### Aim of the task
Within the listing below, give again exactly the lines between the one containing "Olympus PEN-F Digital" and the one containing "Modern Shoe Cabinet and Divider | ALYSSA", inclusive, pictures left aside.
━━━ Material for the task
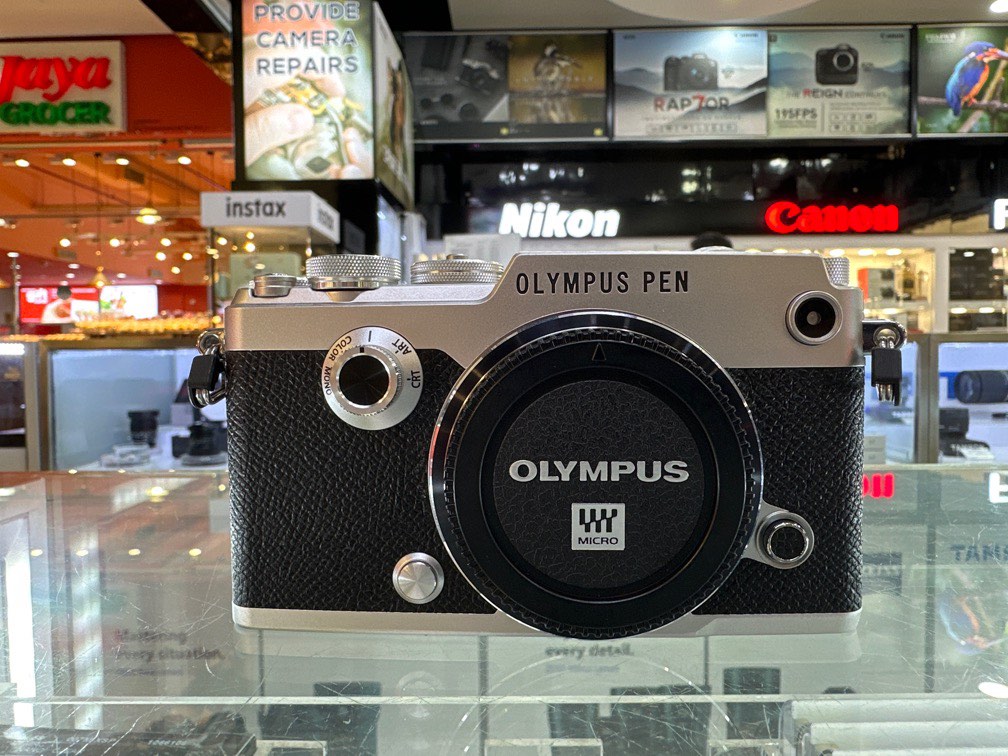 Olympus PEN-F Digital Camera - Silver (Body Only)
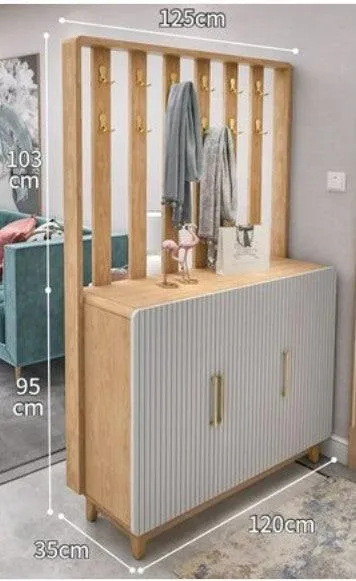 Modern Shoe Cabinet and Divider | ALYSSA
━━━━━━
━━━ Material for the task
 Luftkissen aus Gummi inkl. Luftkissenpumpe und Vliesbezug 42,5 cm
━━━━━━
### Final answer
 Olympus PEN-F Digital Camera - Silver (Body Only)
 Modern Shoe Cabinet and Divider | ALYSSA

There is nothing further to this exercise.